Put the eggs into the substrate (about a quarter inch down) then put the lid on and place the box in a cool, dark spot like a closet or cupboard.
When Will the Eggs Hatch?
Crested gecko eggs usually hatch between 60 and 120 days when exposed to temperatures between 72 and 78 degrees Fahrenheit (22 to 22.5 degrees Celsius). If the environment is cooler is may last longer and if it’s hotter it may not take that long. It’s best to check the eggs each day after 28 days.
Why Did My Eggs Not Hatch?
Even the best breeders can have nonviable eggs. There are a lot of factors that can cause an egg to not hatch.
- not fertilizated by the male
- poor health of the female
- not enough calcium
When the hatchlings are fully developed they’ll poke a hole in the eggshell and peek out. This act is called pipping and is just as adorable as it sounds. The hatchlings may not emerge fully right away; some stay in the shell to absorb all the nutritious yolk. Don’t remove them from the eggs but wait until they have absorbed all the yolk and come out themselves.

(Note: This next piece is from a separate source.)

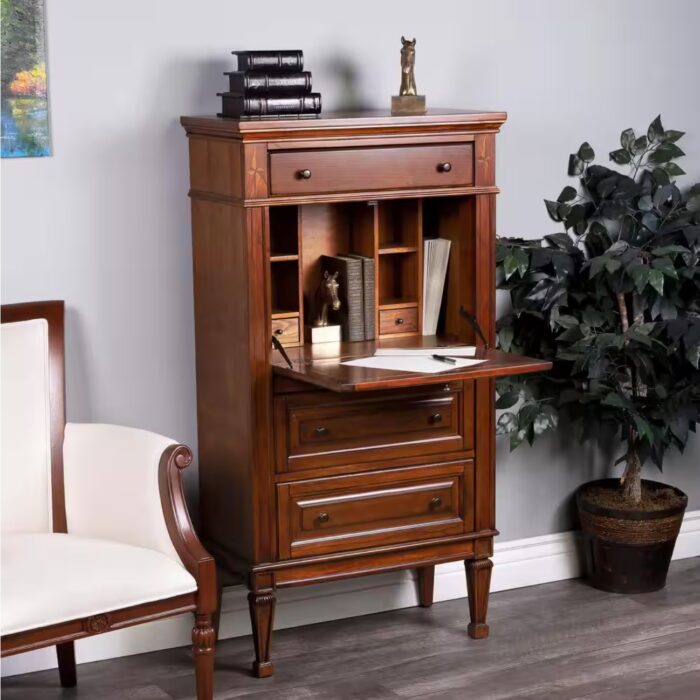 Wordsworth 27.75 in. W Rectangular Medium Brown Wood 5 Drawer Secretary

A small plastic container is an excellent enclosure for hatchlings. From this point on you’ll need to take care of baby crested geckos. If you want to learn more about baby crested gecko care be sure to read this article.
Breeding crested geckos can be fun and interesting, but egg-laying can take its toll on a female. So give her time to rest before checking her weight, calcium stores, and general health. Watch she doesn’t get egg-bound and at the first sign of ill-health, get her to a reptile vet.